Underlying realities; doctrinal disparities

In working my way through Paul’s letter to the Romans, I find there is a lot more common ground between the way of the Christ and the way of the Buddha than I at first thought. Paul, with palpable emotion, describes how ‘I’ am in fact two. There is the old me, bound up in sin and liking it, fixed on rebelling against God just for the literal hell of it. But when I became a Christian, a new me was born – a self who loves God and His ways and His word, and who passionately wants to do the right thing just to please Him. The Christian life, then, is an ongoing struggle between these two selves. Thanks to Jesus’ victory over sin and death on the cross, and thanks to the daily power of the Holy Spirit at work in us, it is a fight that the Christian can be utterly sure of winning. And throughout life, with the exercise of discipline by the grace of God, the Christ-like me gets stronger and more dominant, and the old man shrivels up and loses his control.

Buddhism grasps at some of the underlying realities here. The Buddha teaches that what we think of as ‘self’ is actually non-existent. He dispenses with ‘self’ as an obstructive and inaccurate philosophical concept, and Buddhist scholars down the line have favoured its replacement with a bunch of internal motivational forces working in tandem to produce the functions we typically ascribe to the self. So it’s not a direct match, but it’s getting at the idea of a civil war of the self – of viewing undesirable thoughts as not actually a part of my self, but as independent agents which can be resisted.

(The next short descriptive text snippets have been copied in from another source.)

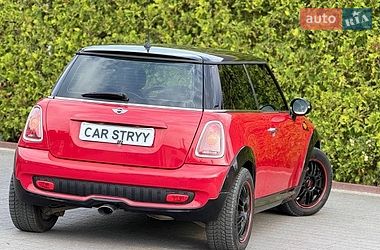 Хетчбек MINI Hatch 2009 в Стрию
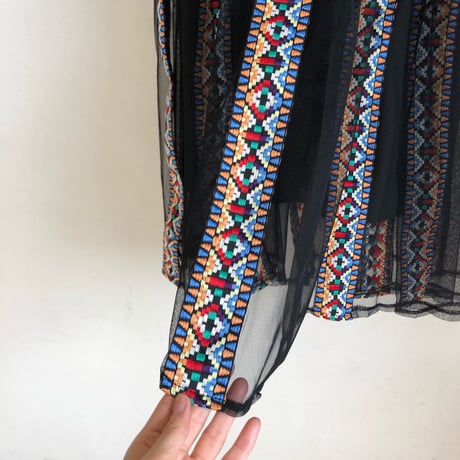 刺繍チュールロングスカート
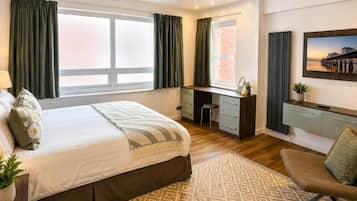 Departamento superior, 2 habitaciones, balcón, vista al mar | Cortinas blackout, tabla de planchar con plancha y wifi gratis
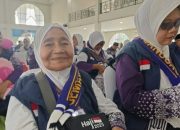 Penjual Kripik Pisang Naik Haji, Yamsi Jadi Jamaah Paling Tua Asal Sanggau Kalbar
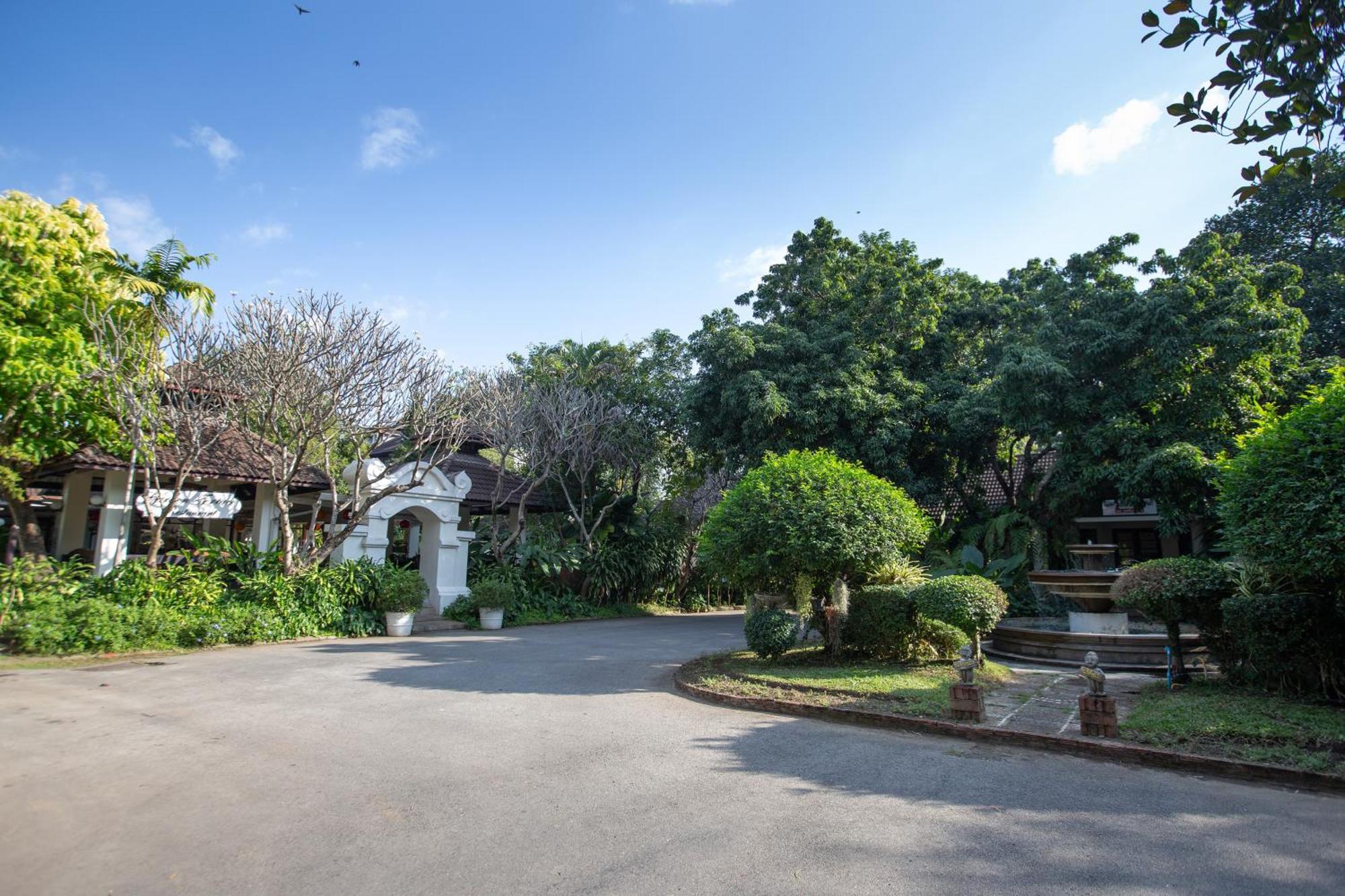 Eurasia Chiang Mai Hotel Buitenkant foto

By faith alone: salvation or self-improvement?

Buddhism places much more focus on the importance of self-discipline than Christianity does. According to Buddhist teaching, the practice of meditation is intended to free the practitioner from the delusions which are pervasive to the human experience, and facilitate a clear view of reality. Meditative observation aims to bring freedom from craving, which is the cause of duhkha. In achieving increasing freedom from craving, the practitioner will ideally become more free to act in a way unbound by delusions or conditioning, and will become more able to live morally, in accordance with the Noble Eightfold Path.

You see, Buddhism and Christianity both make the default human assumption that the universe is founded on a moral order, that behaviour in accordance with that order is life’s purpose, and that consequences exist for those who fail to live in accordingly.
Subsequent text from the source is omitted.